Niettegenstaande de terechte woede, de terechte verontwaardiging blijft dat sfeertje hangen, want er zijn nog voldoende zaken waarover we niets weten, die het ene oor in het andere uit gaan, die niet worden aangeklaagd, waaraan niets fundamenteels wordt gedaan: gay-bashing, kinderarmoede, de daklozenproblematiek, de precaire situatie van gehandicapten. Witteboordcriminelen – dat zijn geen criminelen maar handige zakenlui, meneer – blijven fluitend hun zwarte geld in het buitenland parkeren, processen slepen jarenlang aan door vertragingstactieken van geslepen advocaten.

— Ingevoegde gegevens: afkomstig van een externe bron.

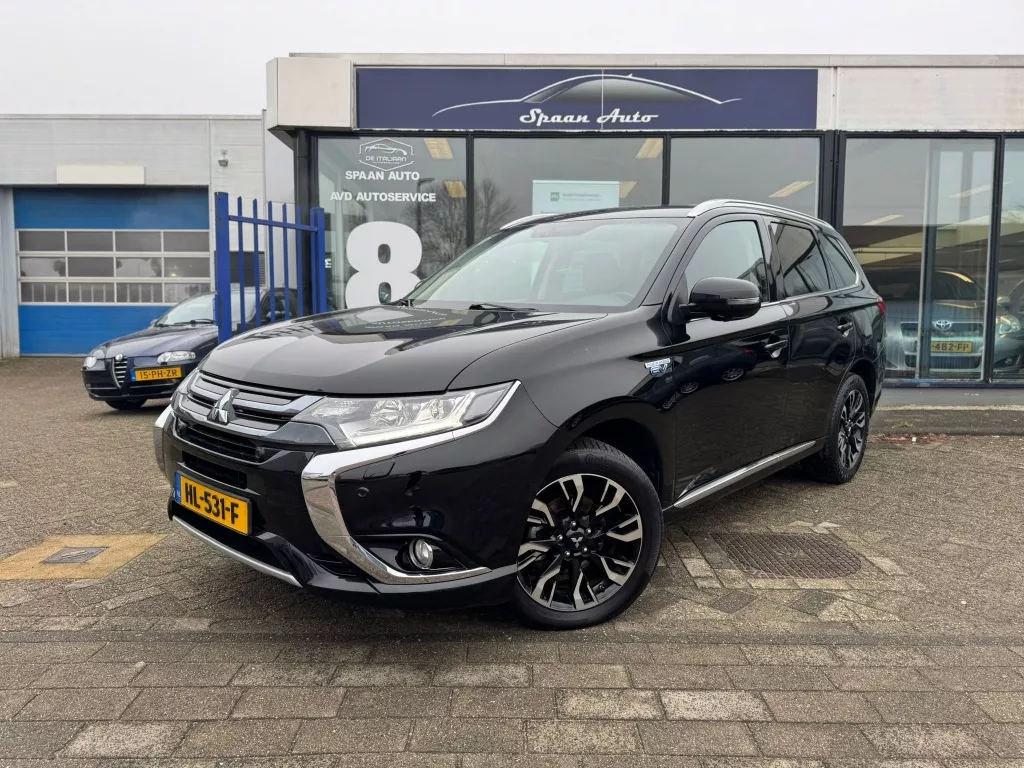 Mitsubishi Outlander 2.0 PHEV Instyle | LEER | 360' CAM | TREKHAAK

Ik doe slechts een greep uit die grote zak van onwelriekende zaakjes en weggemoffeld onrecht die op de vuilnisbelt van de onwetende mensheid werd gedumpt.
Alles passeert geruisloos, de goegemeente weet van niets. Het raakt onze portemonnee niet. We komen er geen boterham mee te kort. We trekken onze ogen een fractie van een seconde wijdopen, we flapperen twee keer met de oren, zijn even van onze melk, maar fleuren snel weer op als ons favoriete spelprogramma op de buis komt. Wél aanhoudende heisa rond plasincidenten, ongefundeerde beschuldigingen van pedofilie en een politica die de taxi neemt in plaats van de fiets. Geen beroering rond het feit dat er lofredes worden afgestoken voor collaborateurs. Alle verhoudingen scheef getrokken. Nuances zijn taboe. De zo geloofde journalistieke ernst ligt uitgeteld in de hoek.
De wereld draait in de soep. We kijken ernaar en we zien het niet.